Critical Metals in Global Spotlight Again

Source:

"REE values soar to over $121K/ton, a tenfold increase from a year ago."

Tony D'Altorio, Investment U

Rare earth elements (REEs) have taken the spotlight for two years now, which makes sense, as China began reducing its REE quotas around the same time. The nation produces over 90% of global output. Now, its influence on the REE market matters even more, as prices continue to rise. Some precious metals jumped threefold to fivefold since January alone. That hike followed China's clampdown on domestic output. . .and this has far-reaching implications.

The world uses these metals on a much smaller scale than other commodities, but a wider range of products rely on them.

Most of these rare earth elements are very difficult or flat-out impossible to substitute. So if prices don't start dropping, everything from mobile phones to hybrid cars could get a whole lot more expensive.

China's oversized influence on the rare earths market concerns the global community, including Washington.

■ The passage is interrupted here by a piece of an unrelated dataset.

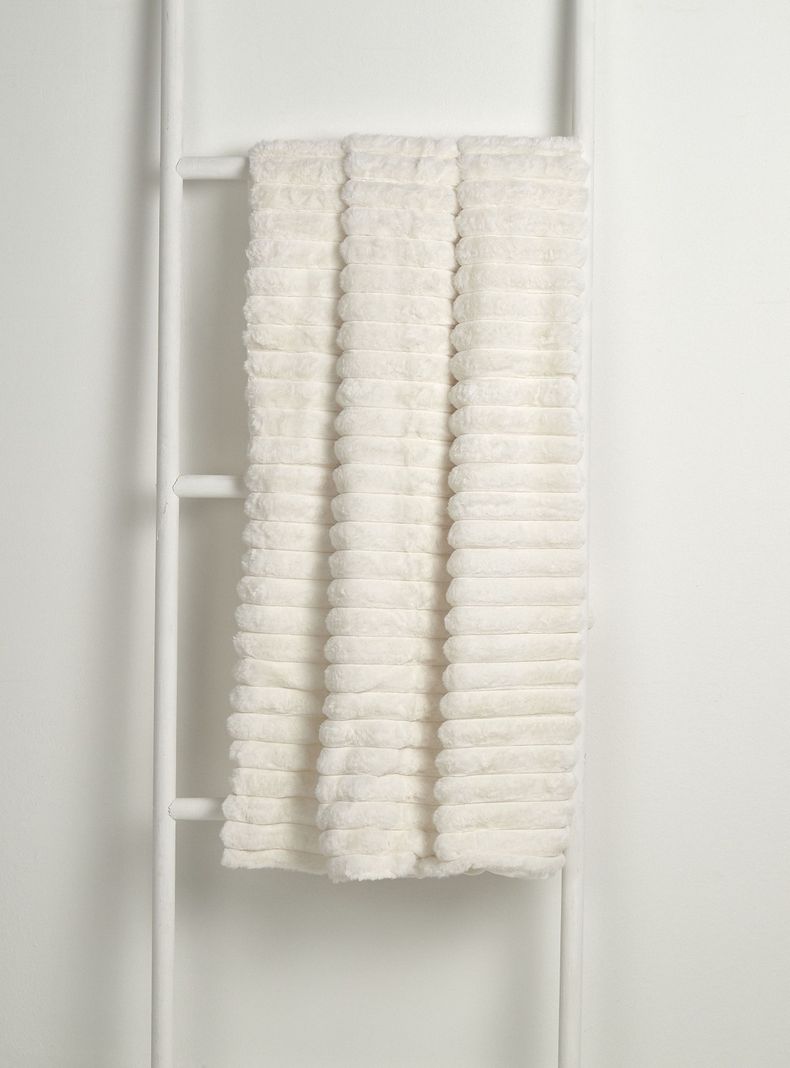 Manta Soft Ribbed 130x160 cm-0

The same applies to Tokyo after China temporarily banned such exports to Japan over a diplomatic dispute last year.

And Beijing tightened regulations on its high-polluting rare earths sector as it cleans up its mines. As a result, production will almost certainly fall further.

In fact, the country already cut its export quota further.

This year's overseas sales license is 4.5% lower on an annualized basis than those last year—and over 40% below the 2009 quota.

Hong Kong records show REE exports cut in half over the past year, down to just 1,819 tons in March. Meanwhile, their value abroad soared to over $121,000 per ton, a tenfold increase from a year ago.

No wonder smuggling accounted for about a fifth of total rare earth sales not long ago. But Beijing clamped down on that too, squeezing the global rare earth market even further.

Meanwhile, global demand for the metals continues to grow unabated.